## Dilutions

SMIYAZAKI_1B
Posts: 56
Joined: Sat Aug 24, 2019 12:15 am

### Dilutions

So when it comes to dilutions, I understand how to calculate the molarity and concentration of the molecule or element; however, how can you solve for a volume of the water necessarily to dilute the solution to a given molarity with given volume? I feel like I have explained myself really badly so....
EX from the book: A student investigating the properties of solutions containing carbonate ions prepared a solution containing 8.124 g of Na2CO3 in a flask of volume 250.0 mL. Some of the solution was transferred to a buret. What volume of solution should be dispensed from the buret to provide 5.124 mmol Na2CO3?

Jasmine Vallarta 2L
Posts: 89
Joined: Sat Aug 17, 2019 12:18 am

### Re: Dilutions

I would use M(initial) x V(initial) = M(final) x V(final) and just manipulate this formula to get what you need

TYun_1C
Posts: 52
Joined: Wed Sep 11, 2019 12:16 am

### Re: Dilutions

You should use the M initial * v initial = M final * v final. However, that question seems kinda weird because we are solving for initial volume and have the initial molarity and final molarity but no final volume. They need to specify what the final volume of the solution is, so we can properly solve for the missing variable.

Tyler Angtuaco 1G
Posts: 111
Joined: Wed Sep 11, 2019 12:16 am

### Re: Dilutions

This question should not be solved using the formula for dilutions.
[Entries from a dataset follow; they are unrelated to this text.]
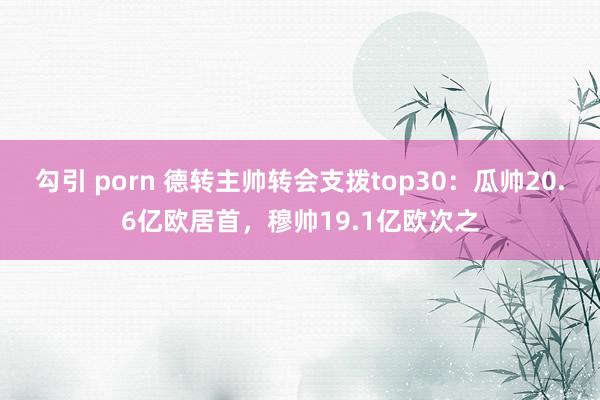 勾引 porn 德转主帅转会支拨top30：瓜帅20.6亿欧居首，穆帅19.1亿欧次之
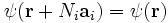  \psi(\bold{r}+N_i \bold{a}_i)=\psi(\bold{r}) 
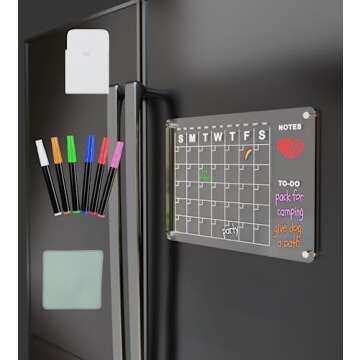 Acrylic Magnetic Calendar for Fridge 16”x12” Clear Dry Erase Calendar Board Reusable Monthly Planner Includes 4 Magnetic Color Dry Erase Markers with Magnetic Marker Holder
It states that part of the solution has been transferred, but this does not mean that more water has been added to the original solution to change the concentration. Assuming that the solution is homogeneous, the concentration should remain the same even after you transfer a portion of the original solution into another container. Thus, with moles and concentration given, use the formula V=mol/concentration to find the answer.

saigorijavolu2k
Posts: 84
Joined: Sat Sep 28, 2019 12:15 am

### Re: Dilutions

I would use M1V1=M2V2.

I would start by making sure that all my numbers are in the correct units. Then I would plug in all the values that you know. From there I would solve for the unknown. Often times with dilutions you have to read the question carefully. In this case, just make sure that units are good

Siddiq 1E
Posts: 65
Joined: Fri Aug 09, 2019 12:15 am

### Re: Dilutions

For this problem, the equation M1V1=M2V2 is not appropriate. Instead use Molarity = Moles/Volume, manipulate so you get Volume = Moles/Molarity. Then convert grams to moles, use the molarity given in the equation, and solve for volume.

Rebekah Alfred 1J
Posts: 87
Joined: Thu Jul 11, 2019 12:15 am
Been upvoted: 1 time

### Re: Dilutions

When you are solving these type of problems, make sure you pay attention to the units! For this problem, some of the unit conversions you would need to do are converting the grams into moles and milliliters into liters.

emma brinton_3B
Posts: 53
Joined: Fri Aug 09, 2019 12:17 am

### Re: Dilutions

use the equation M1V1=M2V2 in order to solve the amount of volume needed to get the same molarity when diluting.

AChoudhry_1L
Posts: 55
Joined: Sat Sep 07, 2019 12:17 am

### Re: Dilutions

I would also use the M1*V1=M2*V2 formula in this situation. Plug in the known values and solve for the unknown. The only thing I would say is to be careful of units. Sometimes the units provided and the units asked for are different and you must convert them.

Harry Zhang 1B
Posts: 88
Joined: Sat Sep 14, 2019 12:16 am

### Re: Dilutions

When you see this kind of problem, the first thing to do is to just calculate the molarity of the original solution. Since the question is asking how much volume is needed to obtain a certain amount of moles of sodium carbonate, the logic here would be what volume of the original solution would contain the amount of moles of sodium carbonate that the question asks for. Therefore we should divide 5.124mmol by the original solution's molarity and you will have the volume needed.(millimole should be converted to moles first to cancel out the units and the unit left in the equation would be the volume unit for your answer: 5.124*10^-3 mol * L/mols of sodium carbonate in the original solution).

SimranSangha4I
Posts: 79
Joined: Sat Sep 14, 2019 12:17 am

### Re: Dilutions

I would use M (initial) X Volume (initial) = M (final) X Volume (final)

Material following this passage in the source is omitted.